> _MATERIAL SUPPLIED_
========

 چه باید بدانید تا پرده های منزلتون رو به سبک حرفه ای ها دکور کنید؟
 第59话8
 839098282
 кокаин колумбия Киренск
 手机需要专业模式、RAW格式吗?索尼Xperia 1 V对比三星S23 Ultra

========

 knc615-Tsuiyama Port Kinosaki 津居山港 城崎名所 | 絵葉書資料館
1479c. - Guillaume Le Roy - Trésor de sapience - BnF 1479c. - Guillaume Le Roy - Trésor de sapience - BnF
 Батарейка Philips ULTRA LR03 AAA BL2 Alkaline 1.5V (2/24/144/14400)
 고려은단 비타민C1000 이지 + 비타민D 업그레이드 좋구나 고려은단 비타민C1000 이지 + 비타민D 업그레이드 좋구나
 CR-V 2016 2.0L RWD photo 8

========

> _AIM OF THE TASK_
What is needed is a verbatim copy of every line in the records above from the one containing "고려은단 비타민C1000 이지 + 비타민D 업그레이드 좋구나 고려은단" down to the one containing "CR-V 2016 2.0L RWD photo 8", both included, and nothing more.

> _SOLUTION_
 고려은단 비타민C1000 이지 + 비타민D 업그레이드 좋구나 고려은단 비타민C1000 이지 + 비타민D 업그레이드 좋구나
 CR-V 2016 2.0L RWD photo 8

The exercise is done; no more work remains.